What I wanted to do was talk to as many fathers as I could to try to glean the best and most important lessons we had learned and turn that into something like the collective wisdom of fathers. The process itself was an extraordinarily powerful one. In my twentysomething years of being a father, I don't think I'd ever talked to another man to share experiences around fatherhood, and now all of the sudden I was deep into hours-long discussions with more than 150 dads. Not surprisingly, but increasingly poignant, father after father told me that our interview was the first time they had ever had this conversation.

Although talking about the kids and problems or issues in dealing with them is one of the first topics women dive into, we men rarely if ever get around to it at all, and that turns out to be a real tragedy. The wealth of knowledge and wisdom about this most difficult of all jobs is out there in abundance. Unfortunately we acquire this wisdom by stumbling around making mistake after mistake until we finally get it right, by which time our beautiful resilient children are all grown up. Then all that hard-won knowledge sits silently in the backs of our. minds as we watch the newest generation of fathers stumble along the same path we did.

One of the most moving lessons I learned when interviewing all those fathers was how unbelievably deeply they loved their children. As the saying goes, big boys don't cry, and men certainly don't, yet in well over half the interviews the dads at some point broke down in tears. Tears of pain, tears of shame, tears of frustration, tears of love so strong it hurt, just a pure deep flood of overwhelming emotion. At the same time I was struck by how frighteningly often these loving men simply did not know how to translate that love in a way that their children really received it, and how often our instincts as men was to do the exact wrong thing. Fathering is not a role we are well prepared for, and until and unless we start talking to one another we will simply learn our lessons the hard way and leave a tragic trail of open wounds behind us.
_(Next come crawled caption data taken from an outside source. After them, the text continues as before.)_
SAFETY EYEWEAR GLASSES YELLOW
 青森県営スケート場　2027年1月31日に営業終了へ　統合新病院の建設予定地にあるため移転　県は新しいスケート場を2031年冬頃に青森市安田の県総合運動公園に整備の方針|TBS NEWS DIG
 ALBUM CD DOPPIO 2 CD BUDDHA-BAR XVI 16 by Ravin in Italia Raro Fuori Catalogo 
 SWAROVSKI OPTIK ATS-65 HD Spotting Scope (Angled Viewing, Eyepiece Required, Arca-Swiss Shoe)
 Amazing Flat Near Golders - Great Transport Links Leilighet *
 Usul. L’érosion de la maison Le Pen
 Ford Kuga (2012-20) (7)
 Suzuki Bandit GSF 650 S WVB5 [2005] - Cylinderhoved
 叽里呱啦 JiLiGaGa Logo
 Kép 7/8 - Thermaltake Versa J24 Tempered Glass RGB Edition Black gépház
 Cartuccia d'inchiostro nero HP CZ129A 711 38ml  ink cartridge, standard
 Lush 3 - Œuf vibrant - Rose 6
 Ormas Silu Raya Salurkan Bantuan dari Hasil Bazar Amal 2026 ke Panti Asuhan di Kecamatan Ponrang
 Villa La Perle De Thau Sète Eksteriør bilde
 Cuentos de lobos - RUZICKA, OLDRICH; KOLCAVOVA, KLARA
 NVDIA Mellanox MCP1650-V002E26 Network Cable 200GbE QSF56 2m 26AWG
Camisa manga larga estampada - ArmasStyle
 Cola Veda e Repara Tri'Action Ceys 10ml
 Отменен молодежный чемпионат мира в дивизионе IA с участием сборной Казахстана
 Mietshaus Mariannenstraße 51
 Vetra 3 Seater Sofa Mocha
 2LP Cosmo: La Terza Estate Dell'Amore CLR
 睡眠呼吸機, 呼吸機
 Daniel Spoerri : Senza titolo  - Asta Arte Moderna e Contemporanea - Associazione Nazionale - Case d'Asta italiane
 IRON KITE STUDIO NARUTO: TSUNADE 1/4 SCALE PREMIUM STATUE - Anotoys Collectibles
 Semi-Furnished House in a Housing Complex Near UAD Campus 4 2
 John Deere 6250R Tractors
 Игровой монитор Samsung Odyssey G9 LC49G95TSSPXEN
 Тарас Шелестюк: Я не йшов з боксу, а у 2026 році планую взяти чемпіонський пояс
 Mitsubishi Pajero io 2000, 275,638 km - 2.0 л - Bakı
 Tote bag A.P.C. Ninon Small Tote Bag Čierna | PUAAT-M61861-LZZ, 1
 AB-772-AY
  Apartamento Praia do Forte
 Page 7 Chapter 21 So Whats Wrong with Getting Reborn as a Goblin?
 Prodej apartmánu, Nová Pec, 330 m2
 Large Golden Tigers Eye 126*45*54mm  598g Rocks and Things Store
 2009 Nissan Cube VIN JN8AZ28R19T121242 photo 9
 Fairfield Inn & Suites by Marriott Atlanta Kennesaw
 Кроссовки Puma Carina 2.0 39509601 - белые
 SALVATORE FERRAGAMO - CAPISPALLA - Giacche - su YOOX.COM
At the core of this most difficult undertaking is the simple fact that childhood is almost entirely an emotional experience, and as a product of growing up male in American culture, most new fathers are relatively challenged in the world of emotions. It can make for a devastating combination, with dads constantly (and desperately) trying to respond to their children's emotional pleas with logic and solutions, when what they need from him is a powerfully felt and articulated emotional bond.

In the nine years since the first edition was published, many things have changed, and unfortunately many have not. The most exciting development is that more new fathers are diving into the experience of childrearing and exploring how to get more fully and deeply engaged in the lives of their children. Equally exciting is the beginnings, at least, of an awareness that, for everyone's sake, we absolutely must begin raising our sons to be well-integrated, emotionally intelligent men, so that when their turn comes to assume the awesome mantle of fatherhood, they will have at hand all the internal resources they need.

On the other hand, the deeper changes that need to emerge, with young men learning to be fully emotionally conscious and articulate, are happening at a snail's pace. The result is another whole generation of fathers trying to go it alone and reinvent one of the oldest jobs in the world. Generation after generation, our knowledge base in nearly every area has deepened and expanded because we talked about what we knew and passed it on; yet in this, the single most sacred place in a man's life, we remain silent. Fathers need to start talking amongst themselves and sharing the wisdom and lessons they have accumulated.

Nine years later, this is still the only book available that truly represents fathers' voices in what is a beginning of that dialogue. So, to all new or soon-to-be fathers, I encourage you to read and learn from our mistakes, then pass this book on to a new father you know. And while you're at it, pass on your own experiences as well.